Water charge campaigners ready for action

New threat of cut-offs


DO YOU REMEMBER Democratic Left's election promises? The party who contested the last election on an anti-service charges platform have convinced their Fine Gael and Labour partners to drag non-payers through the courts instead of immediately cutting off their water. Hooray! Like all professional politicians, DL see no reason to stand by their election promises. According to their way of doing things, voters are merely sheep who can be told anything to get their votes and then promptly forgotten about.

Before the Act was even passed householders in Dún Laoghaire/Rathdown and Fingal got letters threatening them with instant court action if they didn't pay up without delay. This scare tactic was intended to frighten people into paying. It didn't work. 60% (70,000 households) are refusing to pay in the three Dublin county areas.

Under the legislation two further letters have to be sent, with at least two weeks between them. The third one has to be delivered either by hand or by recorded post. Only then can the county manager seek a court date. It looks like September may see the start of court cases, South Dublin Council having already sent out the first two letters to non-payers.

The Federation of Dublin Anti-Water Charge Campaigns is ready for action. Local meetings have been held throughout the three Dublin council areas, some attracting over 100 people. If enough people stick together we can follow the hot summer with a hotter autumn. The courts can't defeat us if we stay united, and we have already shown that the Federation can turn disconnections into reconnections within hours.

Keep up the refusal to pay, get more information, contact the campaign at 494 7025 (Gregor Kerr) or 820 1753 (Joe Higgins).

National Conference

Anti-Charges campaigners from Cork, Limerick, Dundalk, Galway, Offaly, Monaghan and the three Dublin council areas met in May. Over 80 activists shared information and reaffirmed their intention to resist double taxation, whether it be called 'service charges', 'rates', or 'community development charges'.

One particularly petty response to the campaign was reported from Limerick where the County Council is now charging people for waiver application forms. Waivers are supposed to be for people who cannot afford to pay the charges! Hopefully householders in the county area will take a lesson from the those in the Corporation area whose campaigning led to the abolition of service charges back in 1991. The Corporation had employed contractors to wreck water pipes leading into the homes of 140 non-payers on a Friday afternoon, the local campaign had every one of them reconnected by noon the next day. After that the politicians admitted defeat and abolished charges in their area.

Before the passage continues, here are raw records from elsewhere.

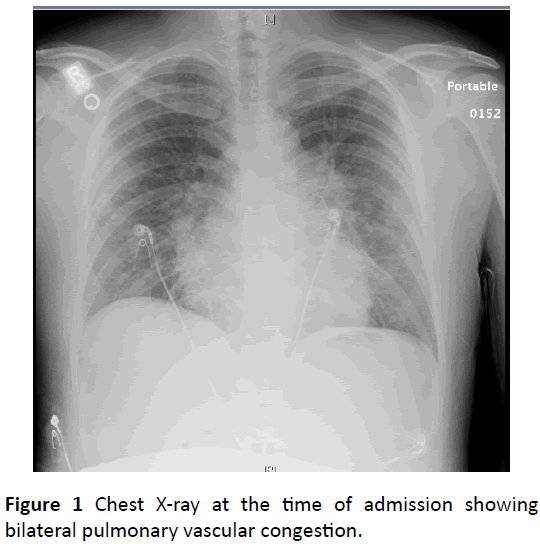 clinical-medicine-therapeutics-vascular-congestion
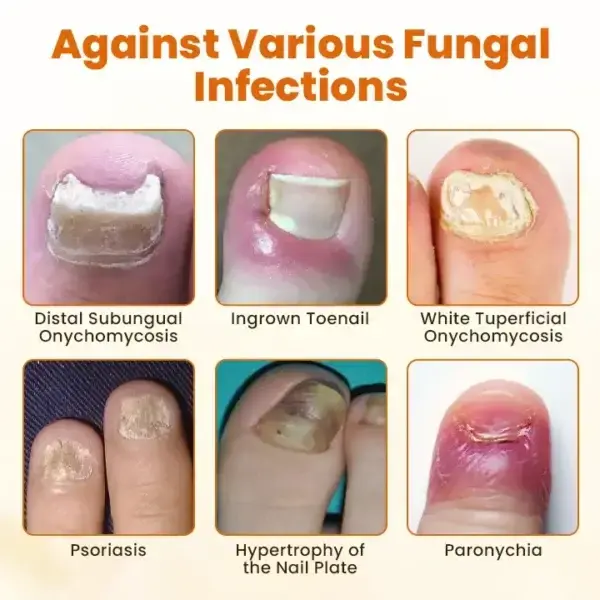 FungiFix Bee Venom Nail Spray - Image 7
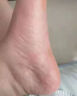 秋雅奈绪正品手脚裂膏脚后跟干裂开裂专用膏药真菌脱皮干燥手足皲裂龟裂膏 买3送2【只限今日】特效五盒 冬天干裂起硬皮开裂足跟皮肤粗糙感染防裂滋润膏 实拍图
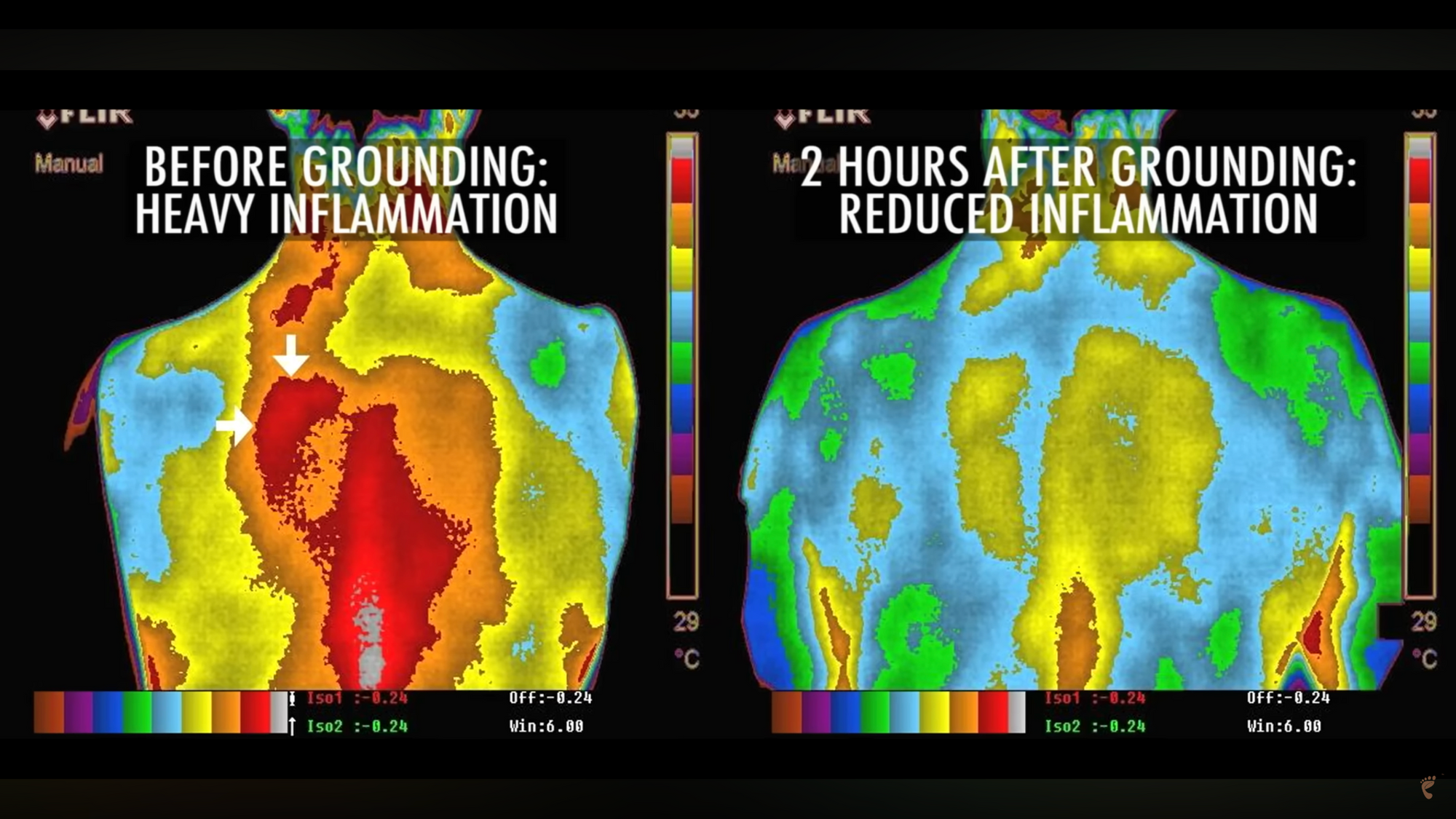 Thermal imaging example 1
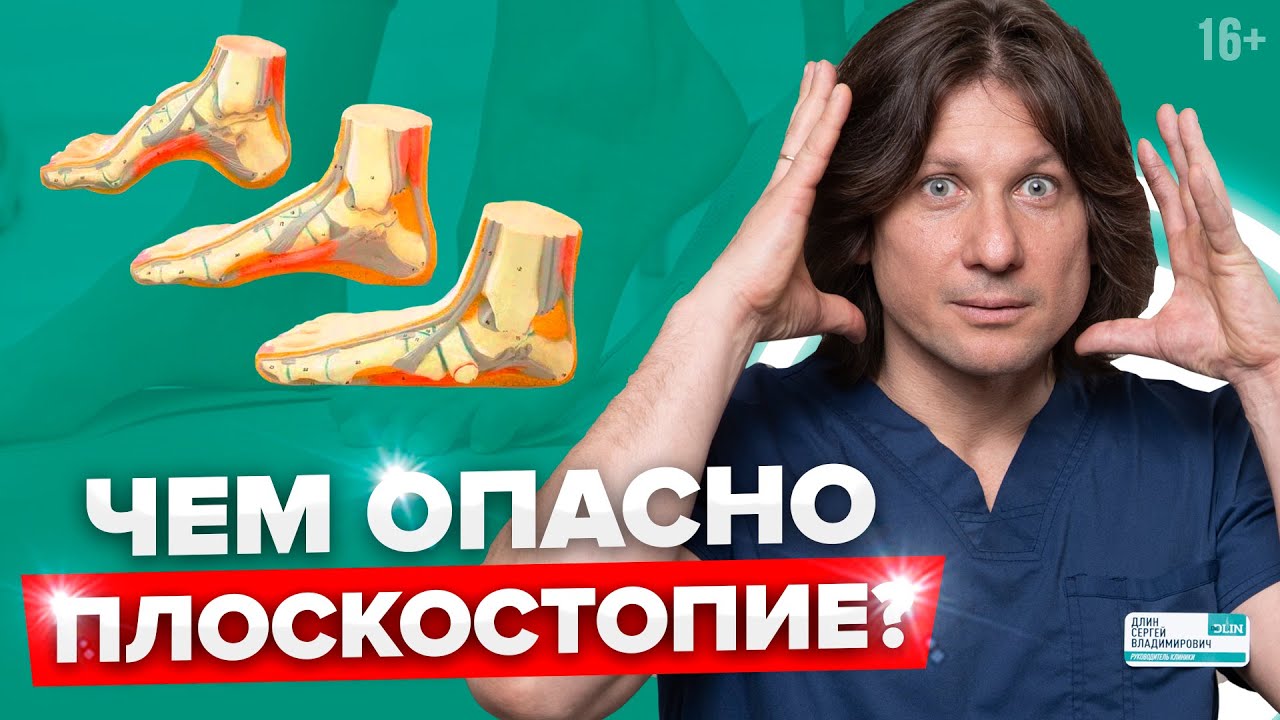 Страшные последствия плоскостопия! Как определить плоскостопие в домашних условиях?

Outrageous accountants and outraged taxpayers

When the government suggested that accountants be obliged to report tax evasion by their clients they held a mass meeting in Dublin's RDS to protest at this "outrage". If some kid robs a car radio these are the sort of people who scream for harsher punishments and more gardaí on the streets. When they are told to report major frauds involving millions of pounds they are indignant. Finance Minister Ruairi Quinn agrees with them. Section 153 of the Finance Act allows them to overlook £5,000 in tax fraud.

Last year the average PAYE worker paid 34,115 in income tax. Last year also saw a tax amnesty for rich tax didgers and big business which wrote off at least £500 million. This amount would have funded all the service charges in the country for the next ten years.

They had hardly started their meeting when a dozen people from anti-water charge groups took over the stage and hung up big banner inscribed with "When big business cheats, PAYE workers pay". The meeting was held up for half an hour while the accountants were given a lecture about how little tax the wealthy pay and how much is taken from working people. They all had to sit and listen as some dopey accountant had locked the door of the hall to stop more protesters getting in and then couldn't open it again!